Заметим, что даже и в тех областях, где на первом плане как будто бы созерцание, а не физическое прикосновение, созерцание тоже часто трактуется у Плотина в непосредственной слитости его с дискурсией и в то же время с его неразличимо-процессуальной текучестью. Когда мы смотрим на небо, то, казалось бы, перед нами множество раздельно светящихся точек. Однако, по Плотину, это не совсем так. Созерцая небесный свод, мы просто читаем его как книгу, в которой, конечно, отдельные буквы существуют сами по себе, но тем не менее мы совсем не фиксируем этих небесных букв в отдельности, а весь процесс чтения происходит как бы и совсем без рассмотрения отдельных букв текста (II 3, 7, 5-7).

Представление Плотина об Уме тоже связано у него с доктриной о буквенных изваяниях в Уме.
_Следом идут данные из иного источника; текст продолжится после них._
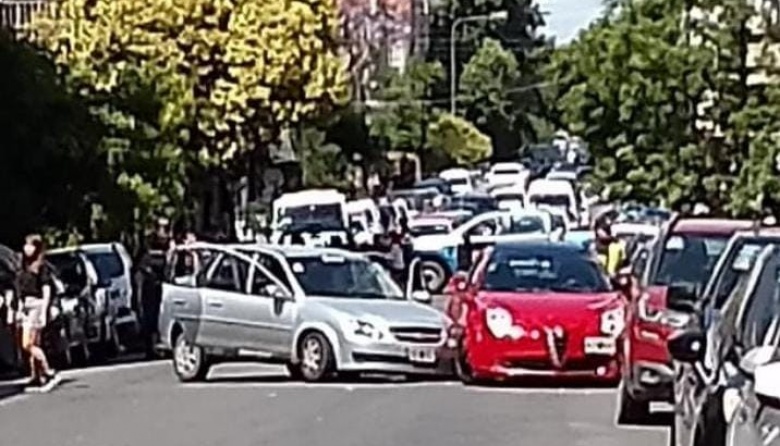 Dos automovilistas protagonizaron un choque en pleno centro de La Plata ...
Отдельные процессы мысли, которыми занимается, например, силлогистика, для диалектики является только искусством письма (поскольку силлогистика формирует только отдельные мысли, складывая их, как слова из букв), диалектика же как искусство чистое, взятое само по себе, не имеет ничего общего с этим графическим искусством (I 3, 4, 20; I 3, 5, 18). Ум действует в нас, пишет Плотин, в виде "письмен" (grammasin), начертанных в нас "подобно законам" (V 3, 4, 2-3.22; ср. V 8). В истории философии и эстетики, вообще говоря, трудно найти такого писателя, который при всей принципиальной раздельности интуиции и дискурсии тем не менее обладал бы столь замечательной способностью также и сливать их воедино. Точно так же, несмотря на всю принципиальную раздельность эйдоса и материи, Плотин тем не менее все время говорит и об их единении, причем, квалифицируя эйдос как мужское начало, а материю - как женское, он утверждает, что женское начало при своем оплодотворении со стороны мужского начала не погибает, но становится еще более женским (II 4, 16, 13-15).